===== SOURCE RECORDS

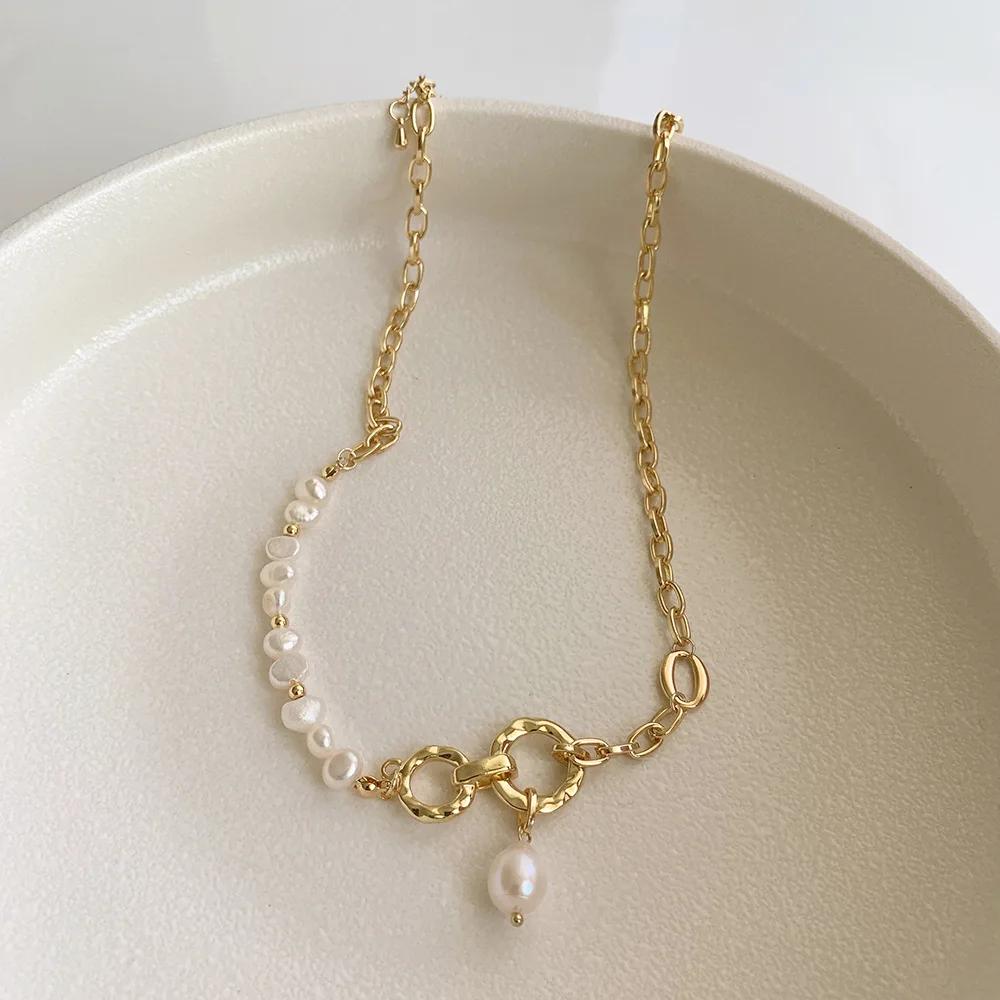 Yangliujia  Baroque Natural Pearl Necklace Bohemian Fashion Temperament Simple  Chain Clavicle Women Jewelry Gift Accessories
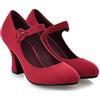 MFairy Scarpe Mary Jane da donna con fibbia, tacco grosso, décolleté imbottite…, Rosso, 42 EU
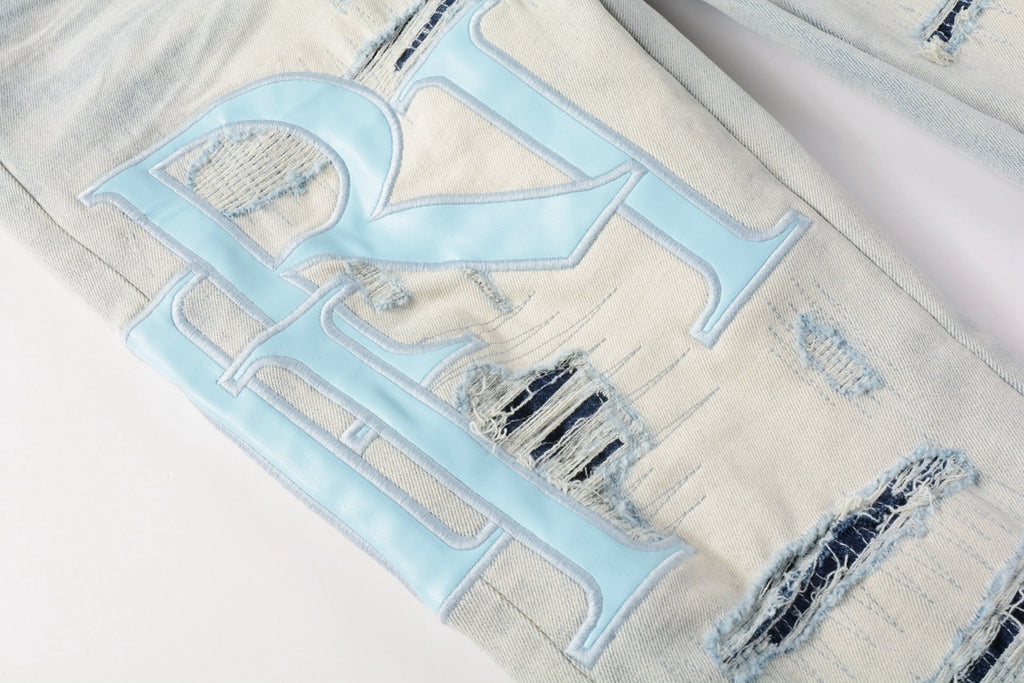 AMIRI CLEAR BLUE TURQUOISE WRITTING PATCHS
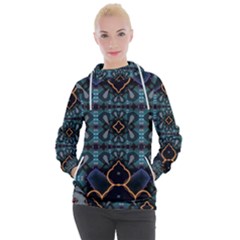 Blue Pattern Women s Hooded Pullover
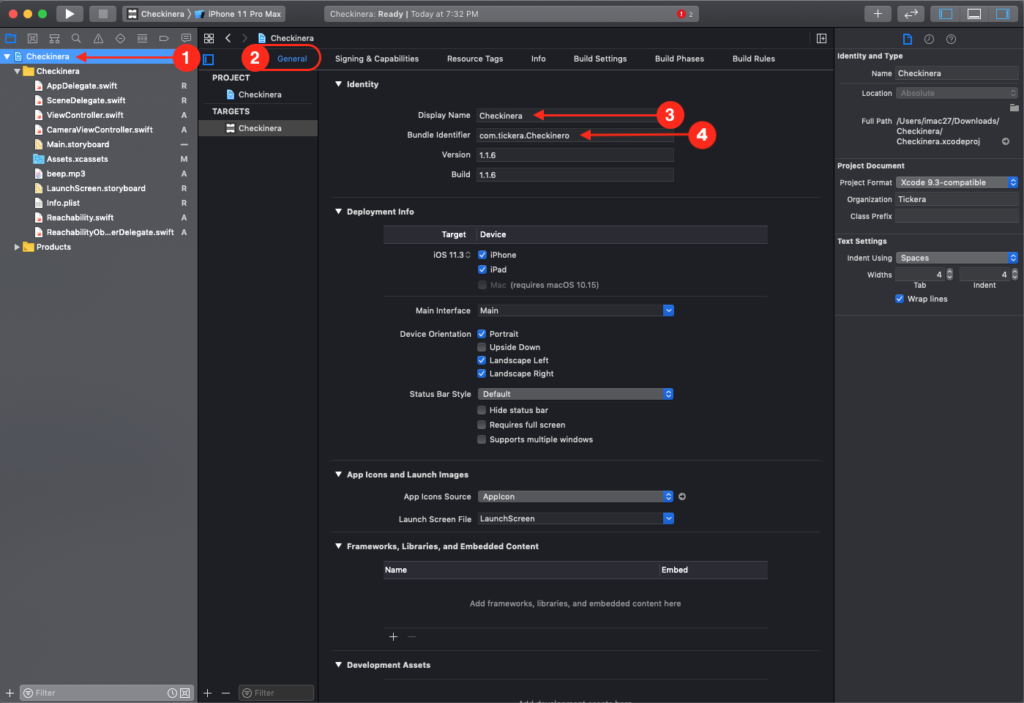 Checkinera - iOS source code editing - Tickera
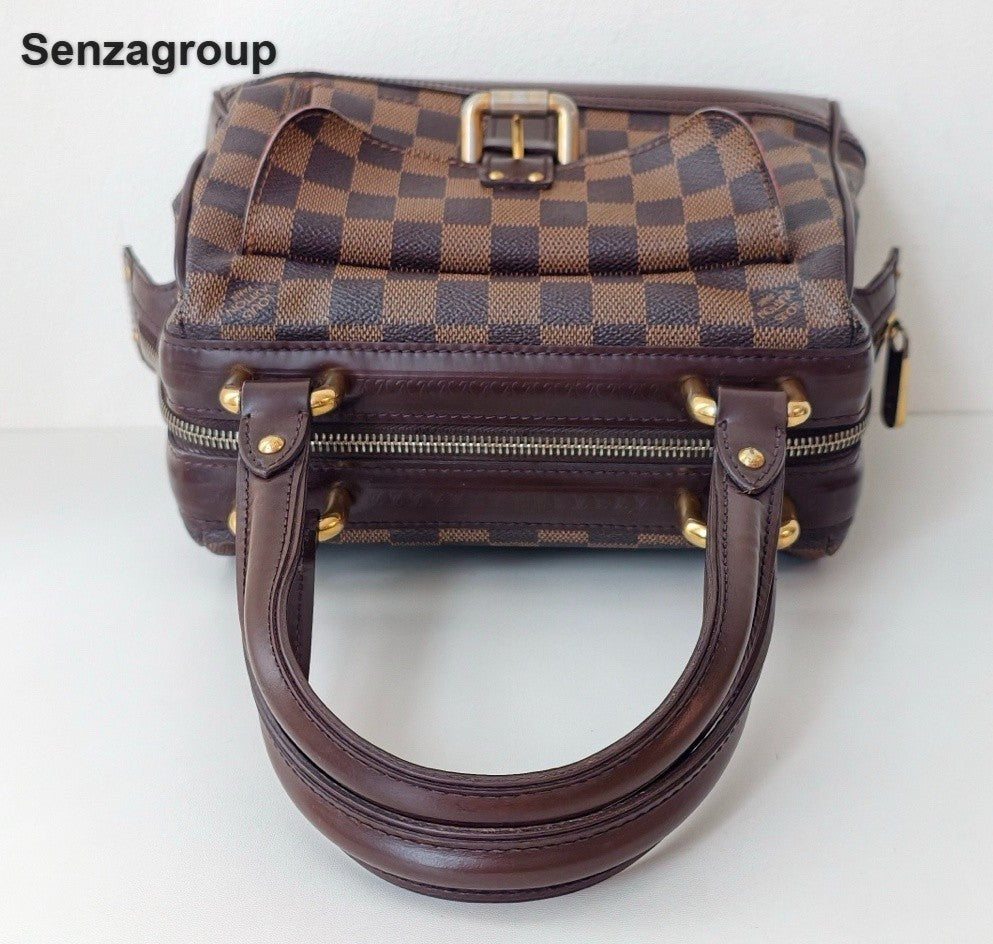 Louis Vuitton Damier Ebene Vintage Top Handle Bag Brown Gold Women Classic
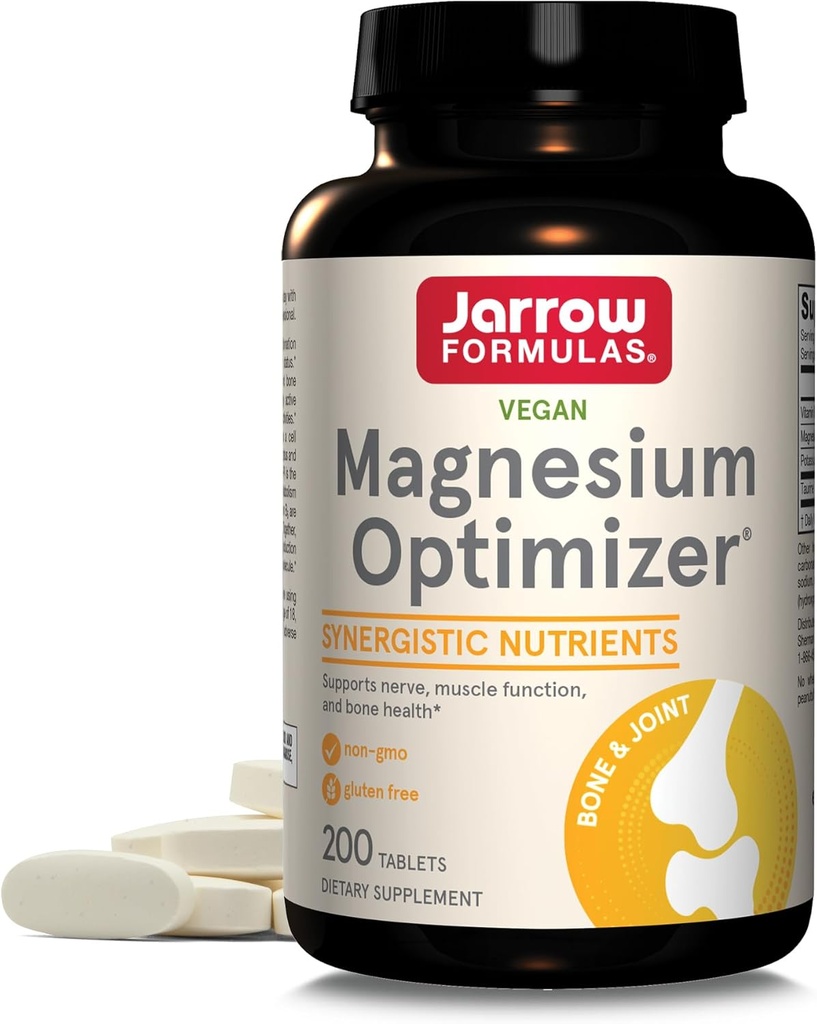 Jarrow Formulas Magnezij Optimizer - 200 tablet - podpira zdravje kosti in mišične funkcije - Vadba in vzdržljivost koristi - Vključuje Tavrin, P5P & vitamin B6 - 100 Serving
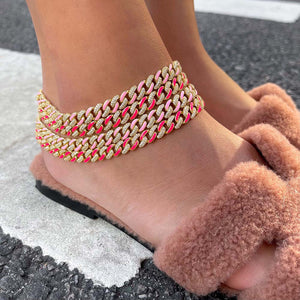  Pastel Enamel Chain Link Anklet - Adina Eden's Jewels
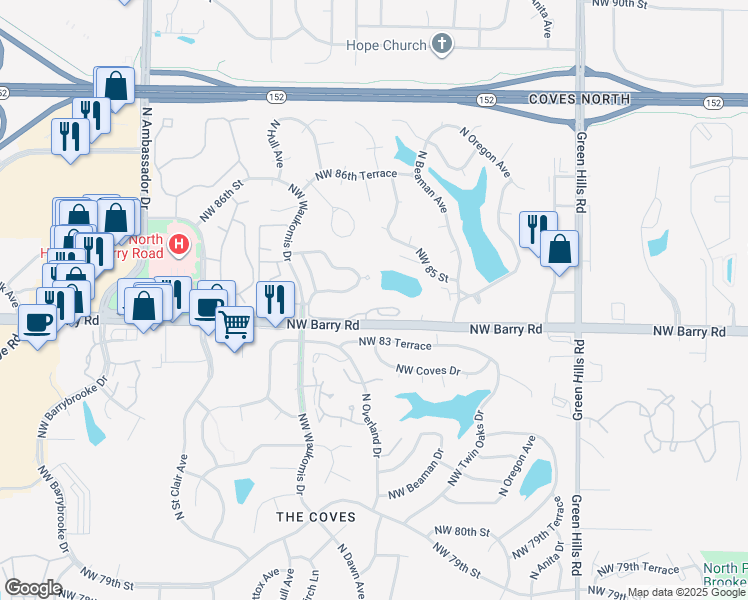map of restaurants, bars, coffee shops, grocery stores, and more near 8430 North Overland Court in Kansas City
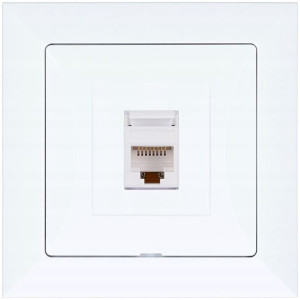 Gniazdo internetowe LAN RJ45 OPAL biały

==========

Copy each of the entries above precisely, and drop whatever pictures they hold.

RESPONSE AREA:
 Yangliujia  Baroque Natural Pearl Necklace Bohemian Fashion Temperament Simple  Chain Clavicle Women Jewelry Gift Accessories
 MFairy Scarpe Mary Jane da donna con fibbia, tacco grosso, décolleté imbottite…, Rosso, 42 EU
 AMIRI CLEAR BLUE TURQUOISE WRITTING PATCHS
 Blue Pattern Women s Hooded Pullover
 Checkinera - iOS source code editing - Tickera
 Louis Vuitton Damier Ebene Vintage Top Handle Bag Brown Gold Women Classic
 Jarrow Formulas Magnezij Optimizer - 200 tablet - podpira zdravje kosti in mišične funkcije - Vadba in vzdržljivost koristi - Vključuje Tavrin, P5P & vitamin B6 - 100 Serving
  Pastel Enamel Chain Link Anklet - Adina Eden's Jewels
map of restaurants, bars, coffee shops, grocery stores, and more near 8430 North Overland Court in Kansas City
 Gniazdo internetowe LAN RJ45 OPAL biały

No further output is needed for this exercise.